### WHAT TO PRODUCE:
For the entries that follow, restate word for word the line containing "TAS TOTE GUESS'Z", the line containing "MY IMAGINARY DUCK", and every line that lies between them.

Segment Start: SUPPLIED MATERIAL

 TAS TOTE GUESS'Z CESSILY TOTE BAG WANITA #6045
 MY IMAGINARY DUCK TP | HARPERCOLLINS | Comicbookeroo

Segment End: SUPPLIED MATERIAL
Segment Start: SUPPLIED MATERIAL

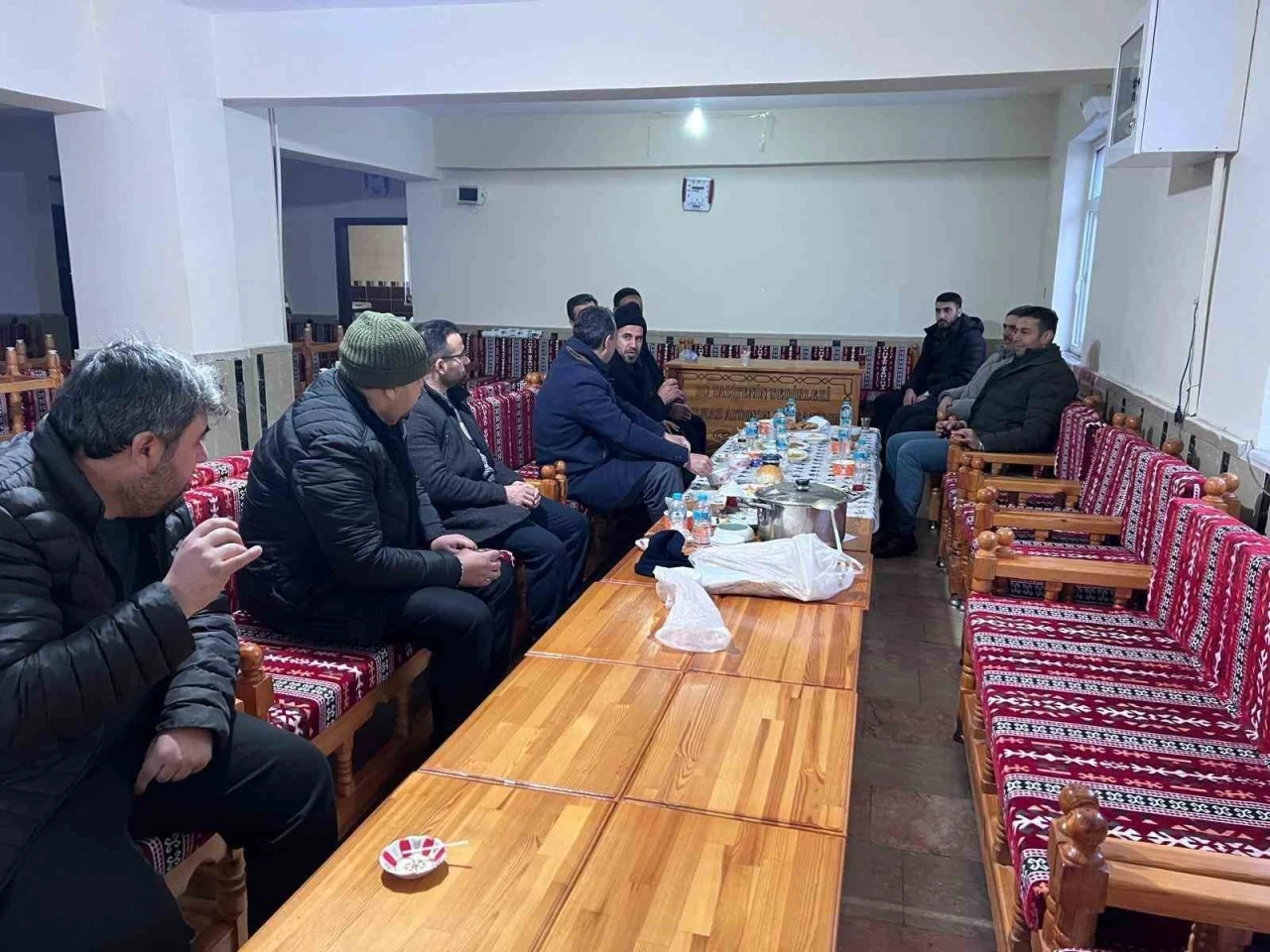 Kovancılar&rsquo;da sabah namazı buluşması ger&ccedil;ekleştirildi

Segment End: SUPPLIED MATERIAL
Segment Start: SUPPLIED MATERIAL

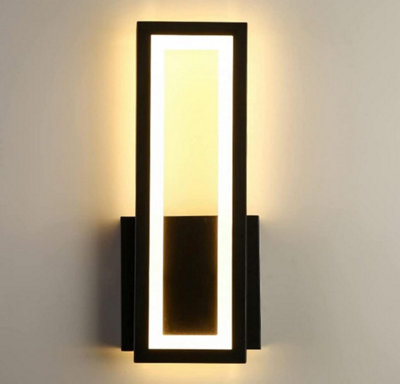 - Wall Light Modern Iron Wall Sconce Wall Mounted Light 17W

Segment End: SUPPLIED MATERIAL

### EXERCISE RESULT:
 TAS TOTE GUESS'Z CESSILY TOTE BAG WANITA #6045
 MY IMAGINARY DUCK TP | HARPERCOLLINS | Comicbookeroo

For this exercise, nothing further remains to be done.